December 1, 2013 – A delivery truck on its way to the little store in the center of town, hit a frost heave not far from our home. The jolt sent wooden crates loaded with produce reeling about in the cargo area until they bounced off the back of the truck exploding with a splat on the side of the road. Gertrude, Mrs. Turner’s goat, saw the entire incident unfold. She called me on my cellphone.
“Hap! You’ve got to get down here. Bring the ladies and the red wagon! There are heads of romaine… spinach and radicchio leaves… carrots, celery stalks, apples… oh my! It’s a smorgasbord! I’m filling up my cart right now and there’s plenty more to be had!”
What a great way to start December! I grabbed Addie, Sawyer and Wilma and took off toward the site.
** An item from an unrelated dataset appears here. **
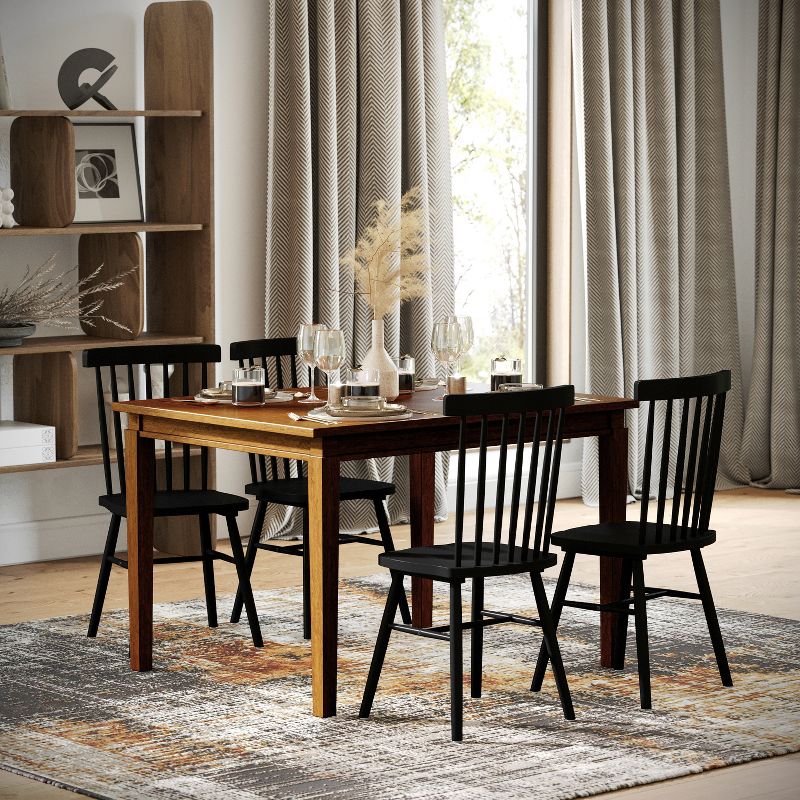 Merrick Lane Wooden Dining Table with Tapered Legs, 2 of 12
I hurriedly pulled the wagon behind me until we hit the crest of the hill on the stretch of road just before the spot where our friend waited. I jumped into it and yelled to the other three to follow suit. The four of us exploded into the biting wind, picking up speed with each passing second. We were traveling so fast that we nearly blew past Trudy. We would have missed the stop altogether if Wilma hadn’t tossed the rope and the bag of sand out the back end. That’s why she’s always last. She’s the anchor hen.
Trudy wasn’t kidding. There was produce all over the place! I even found a few jars of peanut butter and jelly with dented lids. It was like winning the lottery!
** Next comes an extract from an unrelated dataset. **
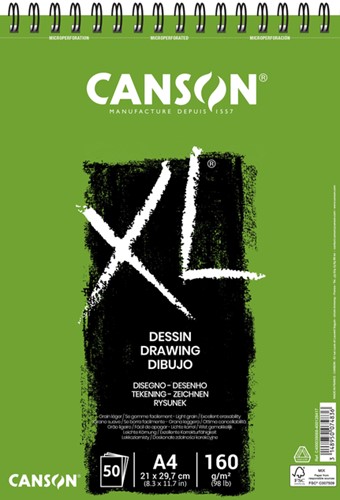Tekenblok Canson XL Dessin A4 160gr spir 50 vel 50 Vel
“Maybe we should try to find the driver of the truck,” Addie commented as the last head of lettuce was being consumed on the spot by Gertrude. The goat shook her head in disapproval.
“Don’t worry about it,” she replied. “I’ve been through this before. The driver can’t sell the food once it hits the ground. It’s considered contaminated for human use. He’d have to throw it away. Plus, we’re helping him by cleaning up the mess.”
“Still,” Sawyer deliberated, “Addie has a point. We should find him and at least tell him what we’ve done. I wouldn’t feel right about taking this otherwise.”
The girls were spot on. Wilma and Addie agreed to head back home with the wagon, while Sawyer and I continued on to the Center Store in hopes of catching up with the delivery man. We arrived just as he was about to hop back up behind the wheel. We explained who we were and how the crates fell off the back of the truck. He didn’t seem at all distracted by the fact that he was talking to chickens. Sawyer and I get that a lot. It’s because we’re strikingly beautiful and the human doesn’t realize that we’re birds.
Anyway, the driver told us that he saw a couple of crates fall out. He took full responsibility for the mishap since he had forgotten to pull down the roll door before driving away from his last stop. He thanked us for cleaning up and said we were welcome to have whatever was salvageable.
The best part was when he gave us a ride home in his truck! Sawyer was a bit hesitant since we didn’t really know him, but I told her not to worry. I was watching a Kung-Fu movie when Trudy’s call came in. I memorized all the moves. The cab was enormous! I could picture myself at the helm travelling across country. Sawyer must have sensed what I was thinking. She whispered not to expect for one second that she would work the pedals on a vehicle that big.
A minute later and Adam, (that was his name), dropped us off at the end of our driveway. The truck beeped as it backed into the road and we waved goodbye to our new friend. He honked the horn and waved back with his entire arm. Mom was just coming out of the house. Oh, boy.
We came clean, as honesty seems to work best with her. She listened to our story, upset that we had taken a ride with someone we didn’t know. She’s signing us up for an online Stranger Danger class this week. But she checked over the produce and decided we could keep it.
Needless to say that we’re all stuffed tonight. I sent a text to Gertrude thanking her for the heads up. She’s a good kid, that goat.
I wonder what other surprises this month will hold.